Tout bénéfice pour l'entière société

Cette évidence, qui, s'y elle s'était imposée plus tôt, eût épargné des centaines de milliers de malheureux - enfants et, par ricochet, parents -, passe par des mises de fonds rentables à moyen terme. Car, autant n'auront profité de l'ancien système que les opulents bavards encore en place, autant la société tout entière gagnera à l'insertion de ces garçons et filles souvent doués, éducables, et voués à l'indépendance pour peu que leur en soient tôt donnés les moyens.

Voir, en ces temps de nécessaires restrictions, un sacrifice de plus pour le contribuable serait un mauvais calcul. L'autiste non éduqué, non autonome, devient fardeau à vie de la société, et plus coûteux que ces éducateurs qui le sauveront, comme le langage des signes a sauvé les sourds-muets.

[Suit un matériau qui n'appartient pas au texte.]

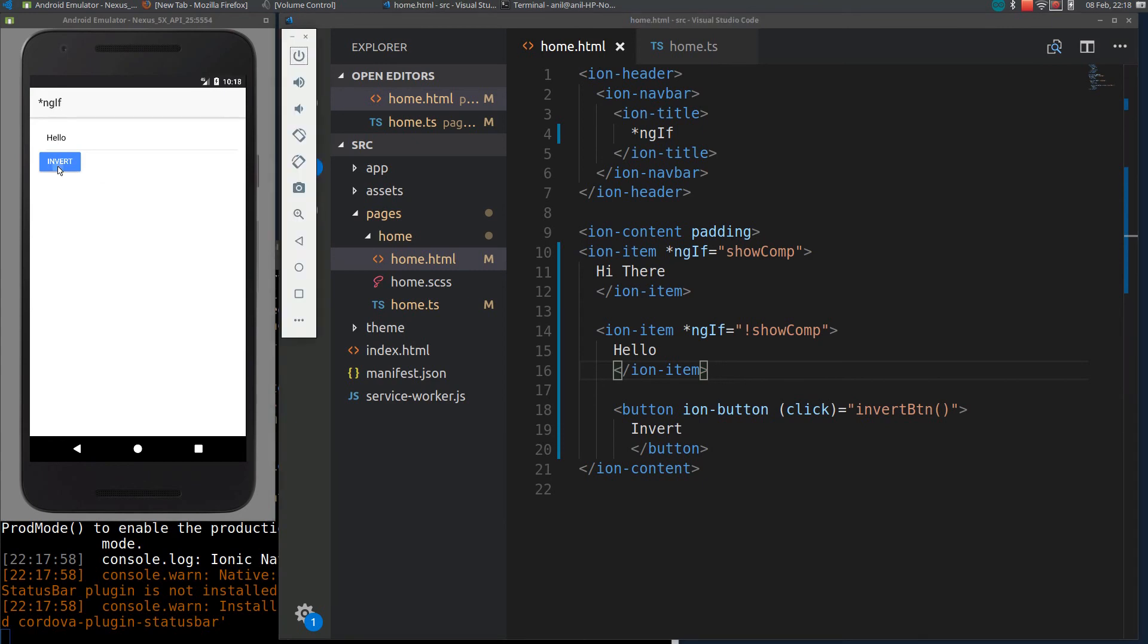So if I click Invert, you can see Hello displays. Again it's getting highlighted.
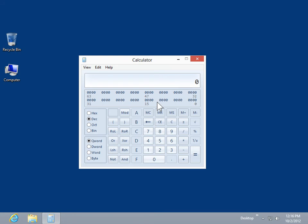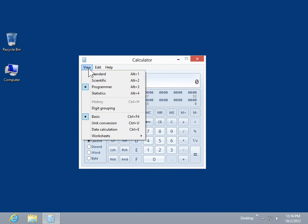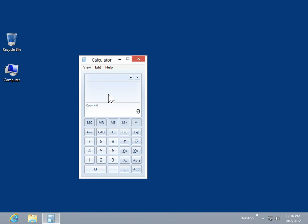To use the Statistics mode, click the View menu. Click Statistics. Different statistical formulas, such as the average and the standard deviation of values, can be performed.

Premiers fruits de trente ans de lutte contre un lobby

Plus informés, ne serait-ce que par le Web et les réseaux sociaux, moins impressionnables que nous, les parents d'aujourd'hui se détournent de ces beaux parleurs nantis, qui entre deux longues réunions entre collègues, deux récits culpabilisants de votre vie de famille, de couple ou de baby blues, vous assurent en termes choisis qu' enseigner "manu militari un enfant qui n'est pas en demande serait une brutalité inacceptable". Si la mère de Thomas (ci-dessous) n'avait été forcée d'apprendre sa table de multiplications, elle l'ignorerait sans doute encore. Les "brutalités" qui ouvrent, et libèrent leurs victimes en leur donnant les moyens d'un avenir plus heureux, on fera avec.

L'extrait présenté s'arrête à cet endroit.